Los pies siempre se sienten mucho mejor con un buen masaje. Son sensibles, delicados, pero a la vez súper resistentes. Y ¿sabes? la planta de los pies (no nos referimos a ningún honguito, sino a la parte con la que pisas), tiene un buen de terminaciones nerviosas que con sólo tocarlas te dan una sensación riquísima de relax en el cuerpo.

Es importante que cuando decidas dar un masaje a tus pies, tengas buena actitud, positiva, para que de verdad valga la pena. Calienta tus

  manos un poco antes de tocarte los pies para 

                que no llegues al techo de un brinco. Lo

                       más rico es dar el masaje con 

                              aceite o crema. Te

                                   recomendamos el aceite de

                                        almendra.

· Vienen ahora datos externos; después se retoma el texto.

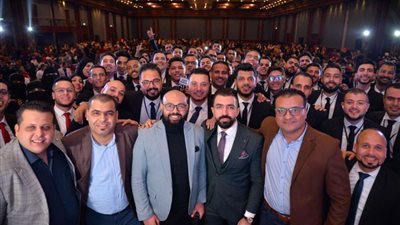 هشام عباس يحيي حفلًا لفريق «ليمتليس – كيونت» العالمية بعد تحطيمه أرقاما قياسية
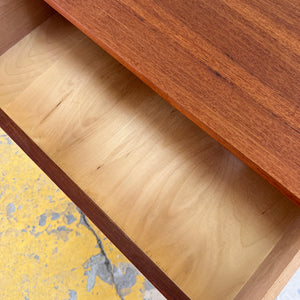 Kommode Teak mit eingelassenen Griffen aus Dänemark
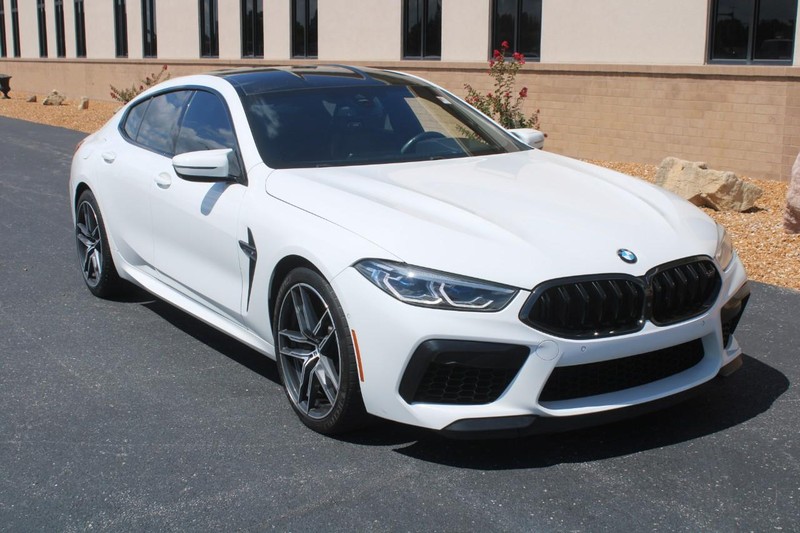 BMW M8 Vehicle Full-screen Gallery Image 02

Desliza (resbala) las manos en el pie desde los dedos hasta el tobillo. Repite las veces que quieras o hasta que sientas el pie relajado y cálido.

Levanta el pie con una mano y con la otra ayuda a que de vueltas, de izquierda a derecha y al revés.

Con el dedo gordo de la mano (pulgar), aprieta distintos puntos de la planta del pie y hazlo por toda la planta.

Usando los dedos índice (con el que señalas y dices “yo”) y el dedo medio (el dedo grosero) presiona con movimientos circulares el área del tobillo.

Tómate tu tiempo para darle un pequeño masajito a cada uno de los dedos del pie. Al final estira cada dedo, pero leve, con cuidado de no lastimarte.